I giudici di legittimità – accogliendo in pieno le argomentazioni formulate dalla curatela fallimentare terza chiamata – hanno confermato l’assenza di giurisdizione italiana in relazione ad un contenzioso in cui il convenuto, soggetto dichiarato fallito in Germania prima dell’entrata in vigore del Regolamento UE 1346/2000, aveva effettuato la chiamata di terzo nei confronti del curatore fallimentare tedesco, sul rilievo della ricorrenza di comunanza di causa (ai sensi dell’art. 6, n. 2, Reg. CE n. 44/2001).

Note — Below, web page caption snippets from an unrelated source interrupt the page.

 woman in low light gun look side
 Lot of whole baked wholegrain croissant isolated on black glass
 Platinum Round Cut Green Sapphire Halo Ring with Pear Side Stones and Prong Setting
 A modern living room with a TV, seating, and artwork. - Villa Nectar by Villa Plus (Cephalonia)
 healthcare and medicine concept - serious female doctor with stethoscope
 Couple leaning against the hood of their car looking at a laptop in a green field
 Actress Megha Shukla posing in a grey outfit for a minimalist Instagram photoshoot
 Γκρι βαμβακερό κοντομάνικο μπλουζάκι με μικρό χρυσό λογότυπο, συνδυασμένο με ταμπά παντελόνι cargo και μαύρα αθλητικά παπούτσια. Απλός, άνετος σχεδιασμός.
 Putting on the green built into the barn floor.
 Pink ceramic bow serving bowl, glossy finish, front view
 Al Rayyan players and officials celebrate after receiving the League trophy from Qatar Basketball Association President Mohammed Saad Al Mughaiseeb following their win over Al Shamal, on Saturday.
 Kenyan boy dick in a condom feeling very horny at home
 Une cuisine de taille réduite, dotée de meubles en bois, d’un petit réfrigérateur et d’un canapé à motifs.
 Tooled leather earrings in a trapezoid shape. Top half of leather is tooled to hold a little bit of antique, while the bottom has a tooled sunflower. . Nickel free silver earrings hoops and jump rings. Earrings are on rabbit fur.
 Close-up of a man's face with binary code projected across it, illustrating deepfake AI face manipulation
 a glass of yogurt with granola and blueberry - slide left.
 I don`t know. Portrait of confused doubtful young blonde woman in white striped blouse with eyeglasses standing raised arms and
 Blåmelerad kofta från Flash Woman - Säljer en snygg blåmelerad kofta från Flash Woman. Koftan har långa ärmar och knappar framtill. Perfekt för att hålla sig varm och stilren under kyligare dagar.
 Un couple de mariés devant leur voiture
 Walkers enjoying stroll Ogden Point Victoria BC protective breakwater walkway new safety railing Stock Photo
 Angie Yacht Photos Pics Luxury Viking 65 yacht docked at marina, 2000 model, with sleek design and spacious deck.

Gli Ermellini, rilevato che in base al petitum sostanziale dell’azione dedotta in giudizio dovesse escludersi l’applicazione del Reg. CE n. 44/2001 in forza del dettato normativo di cui all’art. 1, § 2, lett. b), a tenore del quale, come è noto, sono sottratti dal suo ambito di applicazione “i fallimenti, i concordati e le procedure affini”, hanno concluso nel senso che l’azione promossa dal convenuto nei confronti del curatore fallimentare “attiene esclusivamente all’operato di quest’ultimo come curatore della procedura fallimentare aperta (circostanza non fatta oggetto di contestazione tra le parti) nella Repubblica Federale Tedesca”, come tali “direttamente espressione dell’ufficio di curatore fallimentare”.

Per tale ragione, l’azione promossa dal convenuto – secondo la Corte Suprema di Cassazione – si risolverebbe in “un vero e proprio sindacato nel merito circa l’esistenza dei presupposti per l’apertura della procedura concorsuale in Germania e circa l’operato [del] curatore fallimentare, laddove quest’ultimo era evidentemente sottoposto alla vigilanza degli organi fallimentari tedeschi deputati alla relativa attività di controllo”.

Sennonché siffatto rilievo confermerebbe la sussistenza della giurisdizione del giudice fallimentare tedesco (e, dunque, l’assenza di giurisdizione del giudice italiano).